■ **DATA**:
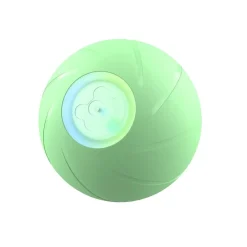 Wicked Ball PE>Cheerble Hot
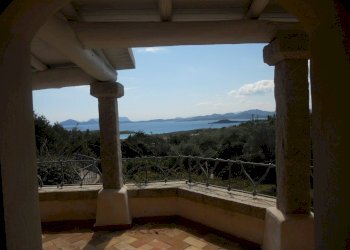 Foto 27 - Villa Cala di Volpe - Porto Cervo - Costa Smeralda, Arzachena - foto 27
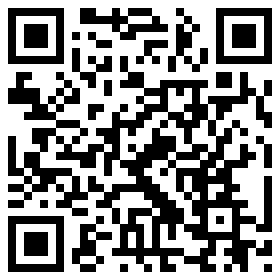 qrcode für Delock 85635 - Verlängerung Klinke 3 5mm 4Pin St > Bu 5 0m schwarz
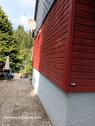 Foto - 5 Zimmer Einfamilienhaus in Harz (LK Goslar)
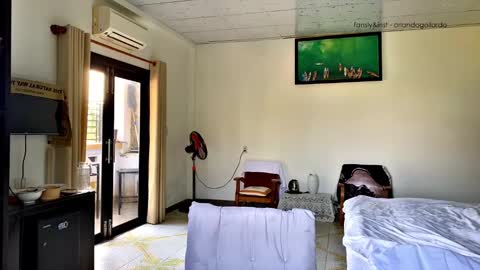 Fansly and Instagram -  online show from 02/07/26, 08:40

■ **TASK**: What is needed is an exact copy of the lines from the line with "Foto - 5 Zimmer" to the end of the data above, both included, without any pictures.

■ **COMPLETED TASK**:
 Foto - 5 Zimmer Einfamilienhaus in Harz (LK Goslar)
 Fansly and Instagram -  online show from 02/07/26, 08:40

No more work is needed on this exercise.